‘US not powerful enough to bring peace to Syria’ – France’s Hollande
“The US has enough power to get money, but not enough – to establish peace (in Syria),” Hollande told L'Obs magazine on Wednesday.
In his interview, the French leader slammed Washington for imposing multibillion dollar fines on major European companies, while, at the same time, shielding American firms.
As for the situation in Syria, Hollande said that he doesn’t expect any decisive actions from the US until the end of the year because US President Barack Obama, who promised not to engage US in new conflicts abroad, will soon be leaving office.
The French leader promised that France will “not abandon Aleppo” after Russia vetoed its UN Security Council resolution proposing a ‘no fly zone’ over the strategic city, which remains split between government forces and the militants.
“The first condition is that the bombing stops,” he said, adding that Paris will keep pressing for the ceasefire to be reached “in the coming days” to allow humanitarian aid deliveries to Aleppo and the beginning of talks between the interested parties.
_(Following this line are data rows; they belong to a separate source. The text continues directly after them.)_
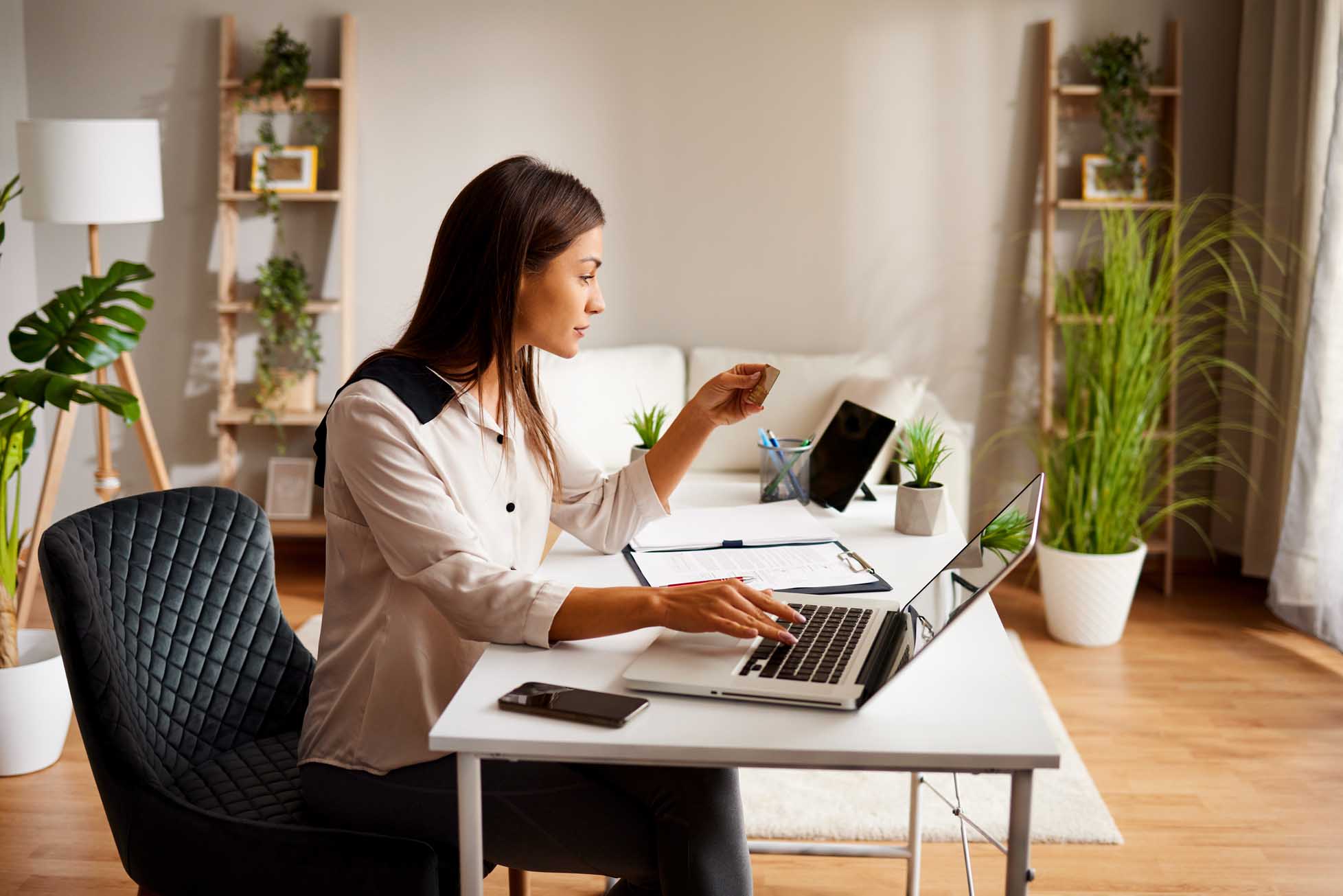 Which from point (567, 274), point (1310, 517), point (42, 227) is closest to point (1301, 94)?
point (1310, 517)

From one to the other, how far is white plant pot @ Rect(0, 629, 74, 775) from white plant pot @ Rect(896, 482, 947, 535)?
6.29 feet

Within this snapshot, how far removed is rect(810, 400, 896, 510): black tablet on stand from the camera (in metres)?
2.16

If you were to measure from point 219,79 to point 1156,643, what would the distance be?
3584 mm

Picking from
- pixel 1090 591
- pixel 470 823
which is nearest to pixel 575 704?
pixel 470 823

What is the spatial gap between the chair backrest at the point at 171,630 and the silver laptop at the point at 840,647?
2.23ft

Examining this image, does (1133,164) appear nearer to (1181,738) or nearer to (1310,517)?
(1310,517)

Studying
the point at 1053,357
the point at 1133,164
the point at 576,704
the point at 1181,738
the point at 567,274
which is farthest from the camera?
the point at 1053,357

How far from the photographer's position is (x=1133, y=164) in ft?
13.3

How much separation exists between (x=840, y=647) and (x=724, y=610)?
142 millimetres

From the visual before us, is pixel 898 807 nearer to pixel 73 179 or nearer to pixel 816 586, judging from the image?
pixel 816 586

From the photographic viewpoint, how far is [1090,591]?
3.64 metres

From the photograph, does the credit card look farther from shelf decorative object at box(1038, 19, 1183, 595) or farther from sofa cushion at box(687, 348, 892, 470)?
shelf decorative object at box(1038, 19, 1183, 595)

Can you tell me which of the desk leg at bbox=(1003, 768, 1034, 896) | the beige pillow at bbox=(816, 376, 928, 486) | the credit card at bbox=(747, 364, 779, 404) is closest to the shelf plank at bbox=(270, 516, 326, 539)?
the beige pillow at bbox=(816, 376, 928, 486)

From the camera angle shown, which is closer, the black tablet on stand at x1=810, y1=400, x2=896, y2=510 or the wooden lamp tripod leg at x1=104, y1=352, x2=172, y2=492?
the black tablet on stand at x1=810, y1=400, x2=896, y2=510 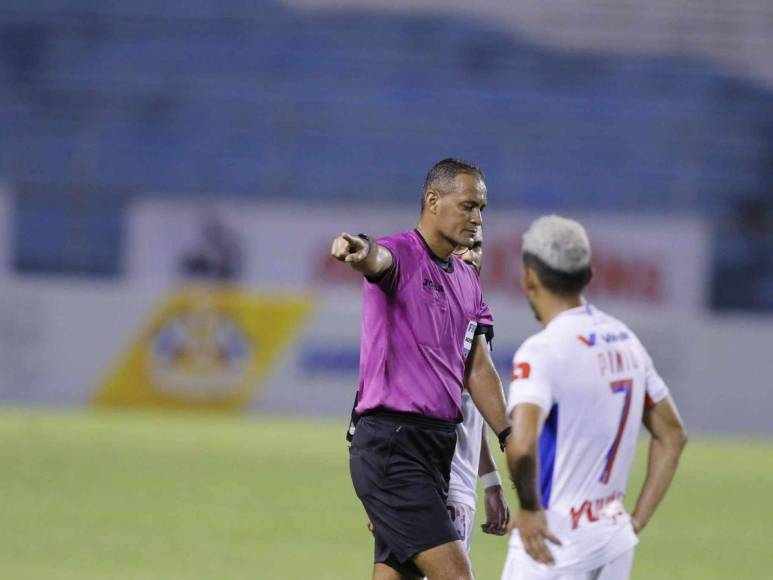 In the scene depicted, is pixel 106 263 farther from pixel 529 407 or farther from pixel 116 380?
pixel 529 407

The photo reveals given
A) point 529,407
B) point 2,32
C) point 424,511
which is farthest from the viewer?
point 2,32

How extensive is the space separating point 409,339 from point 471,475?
2.87 feet

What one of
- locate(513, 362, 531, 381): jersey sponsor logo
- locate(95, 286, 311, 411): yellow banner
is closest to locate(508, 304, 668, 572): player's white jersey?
→ locate(513, 362, 531, 381): jersey sponsor logo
Hollande also expressed regret that Russia’s proposal to destroy Syrian chemical weapons averted airstrikes against the government of President Bashar Assad three years ago.
“August 2013 will remain a key date in the history of this conflict. France was ready to hit the Syrian regime, which had crossed a red line,” he said.
But “another route” that was taken by the international community which laid the foundation for the current state of things in the country,” the French leader said.
Assad sensed the weakness of the West and asked for military assistance from Moscow, while Islamic State (IS, formerly ISIS/ISIL) reduced the numbers of moderate opposition, he explained.
“Aleppo today is a challenge for the international community. It’s either honor or shame,” he concluded.
On Wednesday, Russian Foreign Minister Sergey Lavrov said that he believes a peaceful resolution to the situation in Aleppo is still possible. Speaking to CNN's Christiane Amanpour he said that Russia still “strongly supports the initiative by [UN Special Representative for Syria] Staffan de Mistura, who proposed that Al Nusra fighters should be [allowed] to leave eastern Aleppo with the weapons ‘in dignity’” along with the moderate rebels that want to “stay with them.” Rebels who want to stay in Aleppo, meanwhile, should join in with the cessation of hostilities, he said.